Iraqi Minister Says U.S. Firms Miss Chances In Iraq

Team Infidel

Forum Spin Doctor
Bloomberg.com
May 9, 2008 By Peter Cook and Janine Zacharia, Bloomberg News
U.S. businesses are losing opportunities to invest in Iraq to foreign competitors, Iraq Industry and Minerals Minister Fawaz Hariri said.
“U.S. business is losing out,” Hariri, 51, said in an interview with Bloomberg Television today in Washington. European countries including France and Germany are taking advantage of investment opportunities in Iraq more than U.S. companies, he said.
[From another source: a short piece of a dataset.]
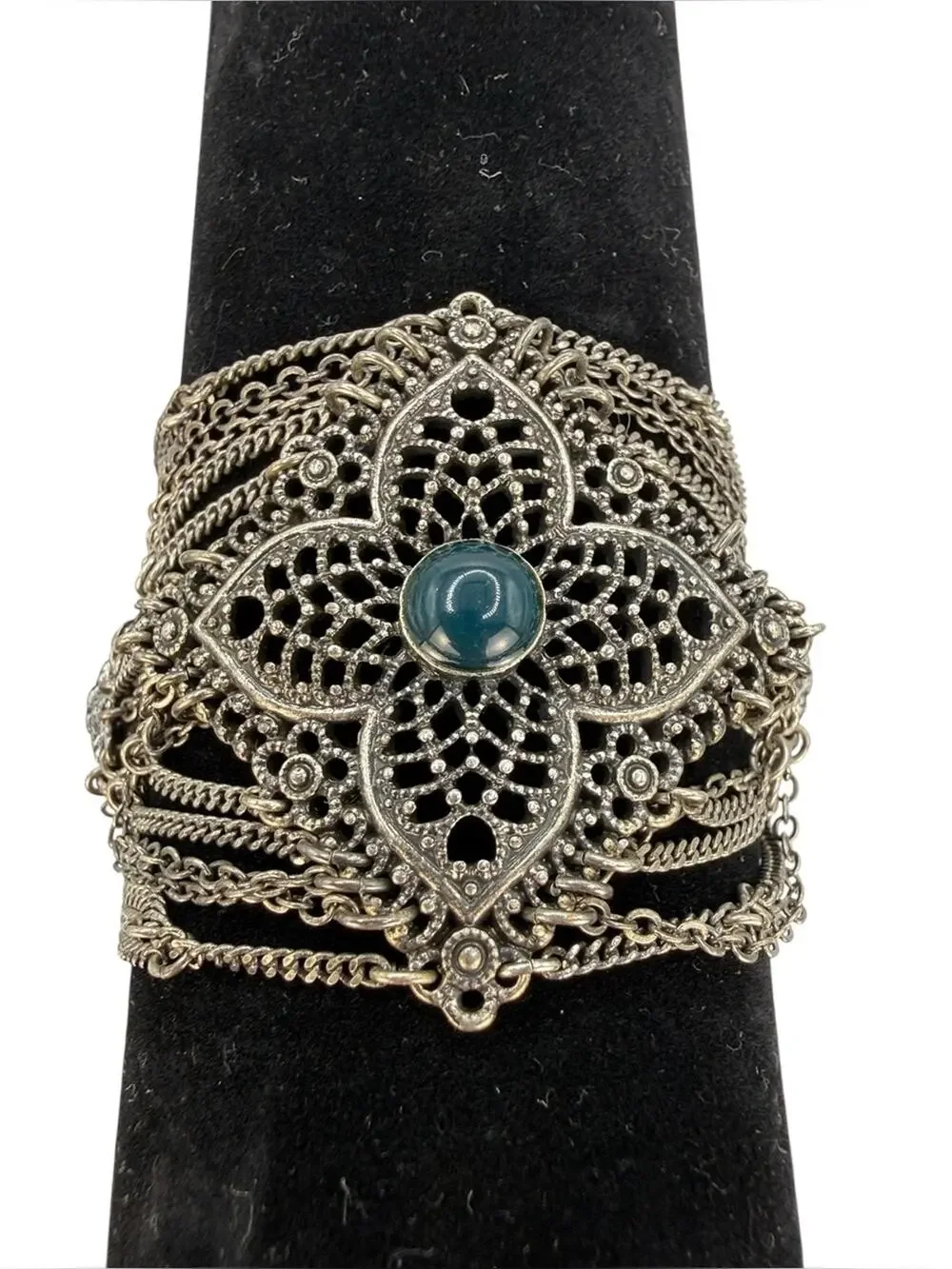 Lucky Brand Vintage Silver Filigree Flower Cuff Bracelet with Teal Cabochon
The window of opportunity for U.S. companies “is very small,” Hariri said. He said he is in the U.S. to try to get U.S. business “excited” about investing in Iraq.
Hariri predicted Iraq's daily crude oil production may reach 3 million barrels per day by year's end. Oil production averaged 2.38 million barrels per day April 28-May 4, according to the U.S. State Department.
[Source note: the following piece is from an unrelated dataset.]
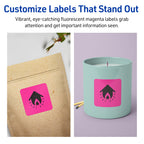Avery Printable Square Labels, Sure Feed Technology, 2" x 2", Neon Magenta Labels, Print-to-The-Edge, Laser/Inkjet Printable, 240 Total, Great for Jars and Packaging 240 labels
The Iraqi government, benefiting from increased oil revenue, would be required to pay more of the cost for domestic security and reconstruction projects under legislation the U.S. Senate will consider this month.
Crude oil rose above $126 a barrel today in New York to a record as the dollar weakened against the euro and yen, prompting investors to buy commodities as a hedge against the currency's decline.
Since the 2003 invasion to oust Iraqi dictator Saddam Hussein, the U.S. government has spent about $45 billion on Iraqi reconstruction efforts and $465 billion for military operations in the country.
“Whoever goes in first will get a piece of the pie,” Hariri said today. “U.S. businesses should benefit from the investment this country made in Iraq.”
Hariri said he was not so much “frustrated” with the lack of U.S. investment as “disappointed.”
“There is some reluctance on the part of many of the U.S. firms on committing to invest in Iraq immediately, and they have, from their perspective, good reasons for doing that,” he said.
The reasons include a very “gray legal environment that they can depend upon,” he said. “There are issues pertaining to insurance, there are issues pertaining to personnel they need -- outside their concerns about security.”
Hariri said the Iraqis must “try to provide some reasonably convincing answers as to how we can provide them the environment where these issues are not show-stoppers. They are at the moment,” Hariri said.
“They are losing good markets and others are coming in,” he said. “The Arabs from the Gulf States politically still have many questions and reservations about the Iraq situation but business-wise they are coming in with their billions of dollars of oil money.”
French investment has continued to increase because “the French view is that Iraq is here to stay,” he said. “We have excellent relations with the newly elected French president, who is far more supportive of Iraq policy” than his predecessor, Hariri said.
Airbus SAS, which lost out to Boeing Co. in a $2.2 billion deal this month for 30 aircraft, for example, is courting Iraqi ministers for future purchases, he said.
“We believe we should diversify and we should be looking at Airbus technologies,” he said. Airbus is owned by European Aeronautic, Defense & Space Co. and BAE Systems plc.
Iraq, holder of the third-largest oil reserves among OPEC countries, is also speaking to Dow Chemical Co. about bidding to expand capacity of an existing petrochemical plant at Basra by 1 million tons at a cost of $2 billion, he said.
Likewise, Exxon Mobil Corp. has bid for some oil field service contracts, he said.